Figure 17.1 A widely held belief in the nineteenth century contended that Americans
had a divine right and responsibility to settle the West with Protestant democratic
values. Newspaper editor Horace Greely, who coined the phrase “Go west, young
man,” encouraged Americans to fulfill this dream. Artists of the day depicted this
western expansion in idealized landscapes that bore little resemblance to the difficulties
of life on the trail.
Chapter Outline
17.1 The Westward Spirit
17.2 Homesteading: Dreams and Realities
17.3 Making a Living in Gold and Cattle
17.4 The Assault on American Indian Life and Culture
17.5 The Impact of Expansion on Chinese Immigrants and Hispanic Citizens
In the middle of the nineteenth century, farmers in the “Old West”—the land across the
Allegheny Mountains in Pennsylvania—began to hear about the opportunities to be
found in the “New West.” They had long believed that the land west of the Mississippi
was a great desert, unfit for human habitation. But now, the federal government was
encouraging them to join the migratory stream westward to this unknown land. For a
variety of reasons, Americans increasingly felt compelled to fulfill their “Manifest
Destiny,” a phrase that came to mean that they were expected to spread across the
land given to them by God and, most importantly, spread predominantly American
values to the frontier (Figure 17.1).
With great trepidation, hundreds, and then hundreds of thousands, of settlers packed
their lives into wagons and set out, following the Oregon, California, and Santa Fe
Trails, to seek a new life in the West. They imagined open lands, economic opportunity,
and greater freedom to fulfill the democratic vision originally promoted by Thomas
Jefferson despite Native American communities living in the region. Whatever their
motivation, the great migration was underway.

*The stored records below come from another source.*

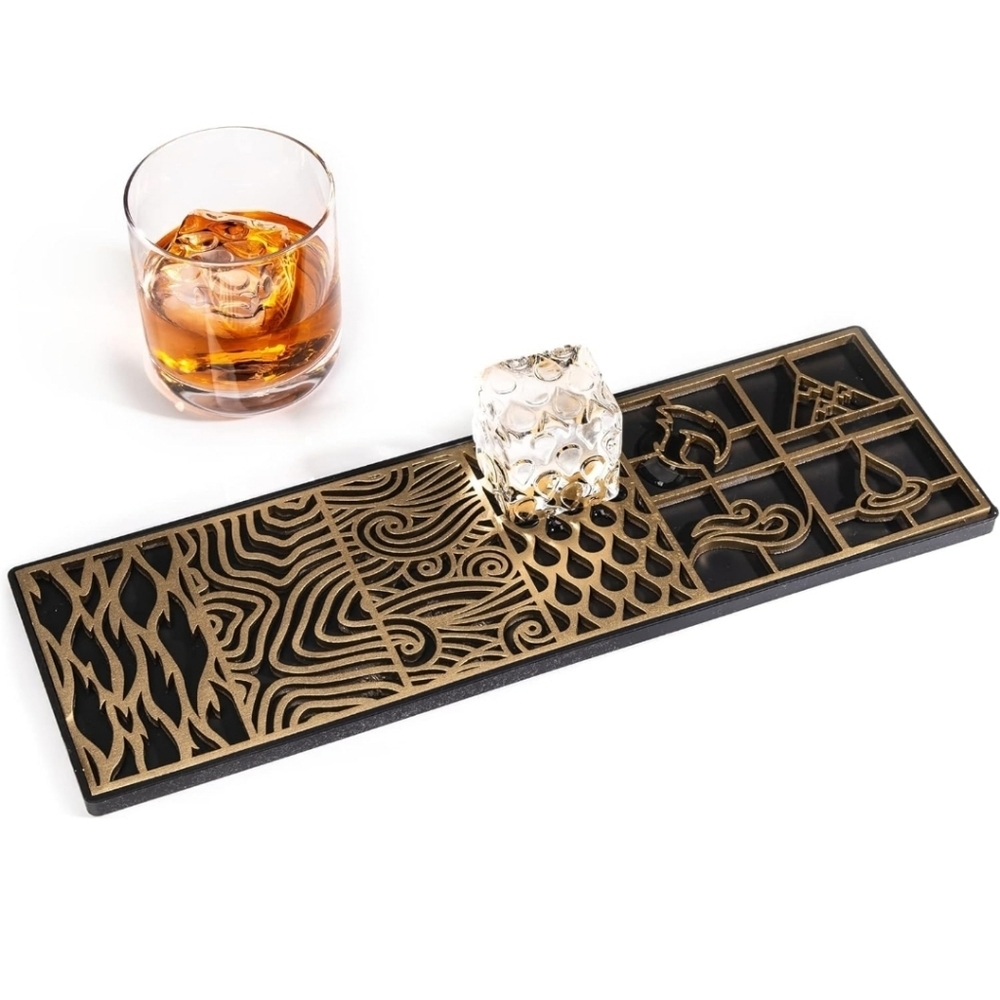 Clear Ice Cube Design Tray - Craft Modern Ice Molds for Bourbon & Cocktails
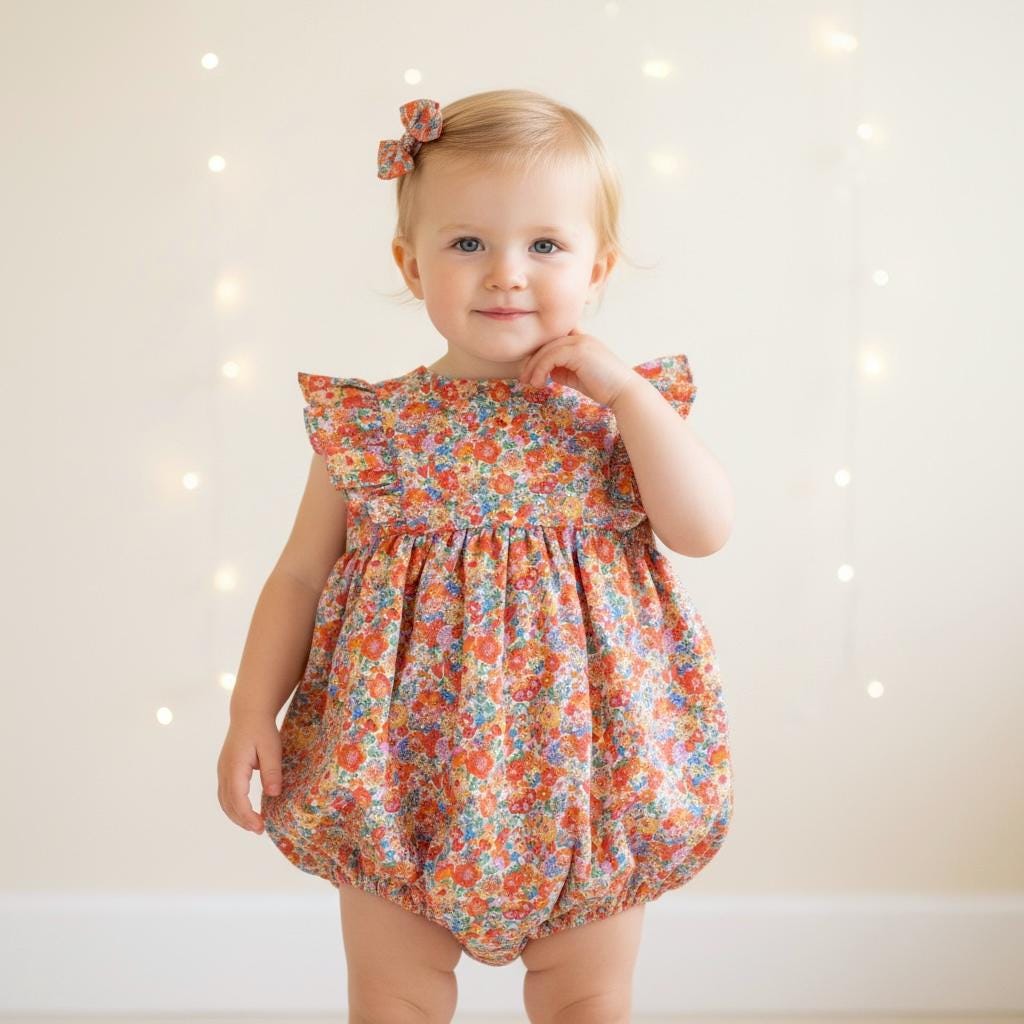 Liberty London Handmade Bubble Romper,Ditsy Floral Print Rainbow Sleeveless Onesie,Personalised Cotton Tana Lawn Clothing,New Born Baby Gift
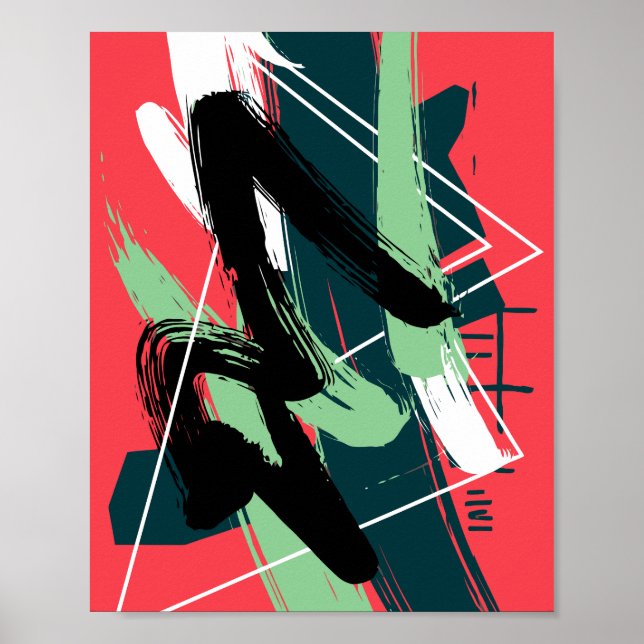 Affiche Composition dynamique de coups de pinceau abstrait (Devant)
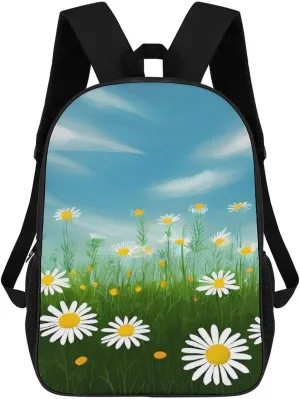 Casual Backpack for Men Women Waterproof Lightweight Daypack Travel Laptop Bag Spring Daisy Flowers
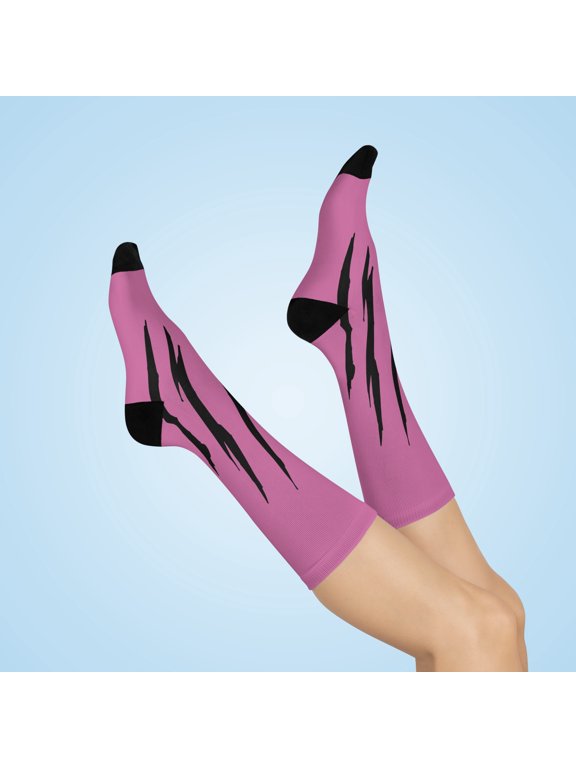 Effete Feline Claw Marks Scratch Cushioned Crew Socks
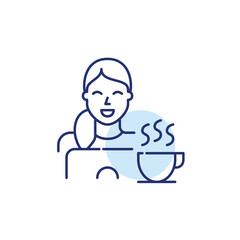 Smiling girl having coffee at her laptop. Pixel perfect, editable stroke line icon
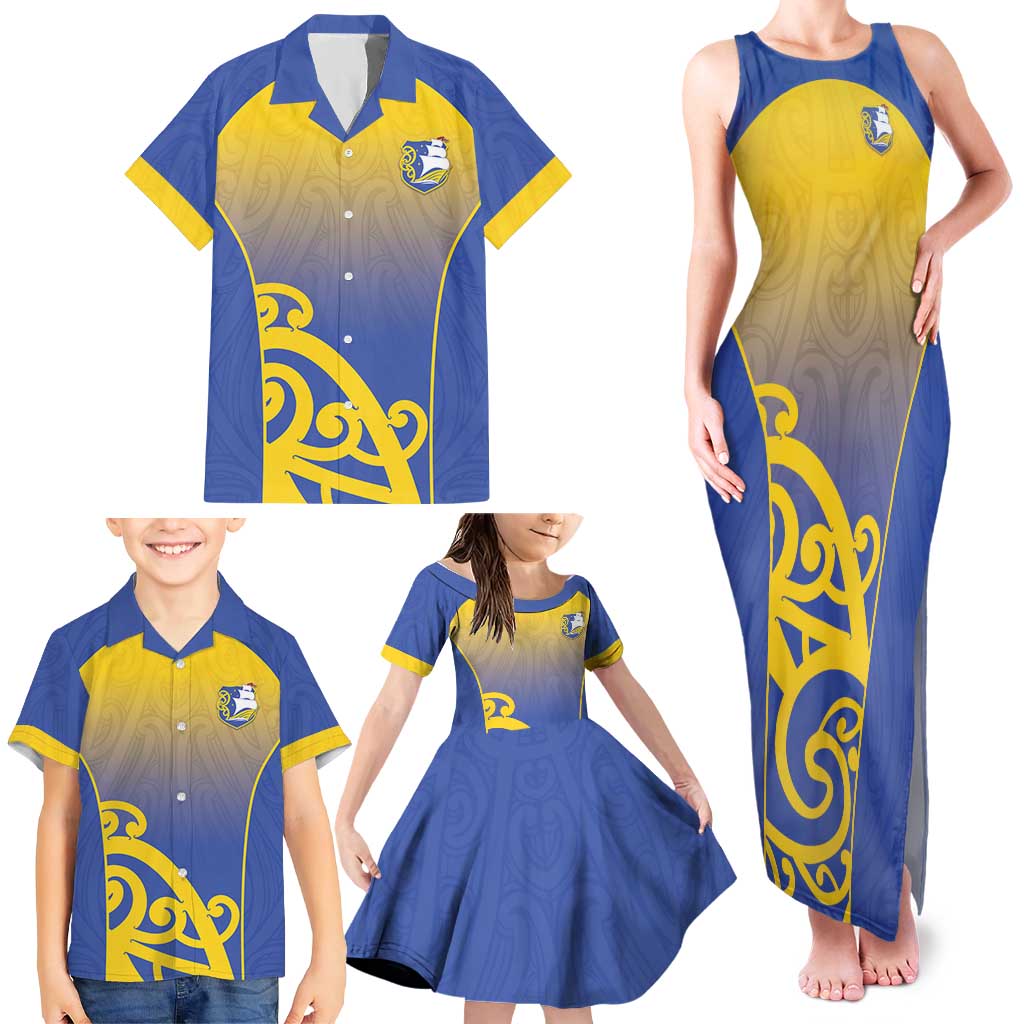 Custom James Cook High School Family Matching Tank Maxi Dress and Hawaiian Shirt Maori Koru Pattern LT05 - Polynesian Pride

The American pioneer spirit was born.
Learning Objectives
By the end of this section, you will be able to:
•
•
Explain the evolution of American views about westward migration in the midnineteenth century
Analyze the ways in which the federal government facilitated Americans’
westward migration in the mid-nineteenth century
Figure 17.2 (credit “barbed wire”: modification of work by the U.S. Department of
Commerce)
While a small number of settlers had pushed westward before the mid-nineteenth
century, the land west of the Mississippi was largely unexplored by the United States.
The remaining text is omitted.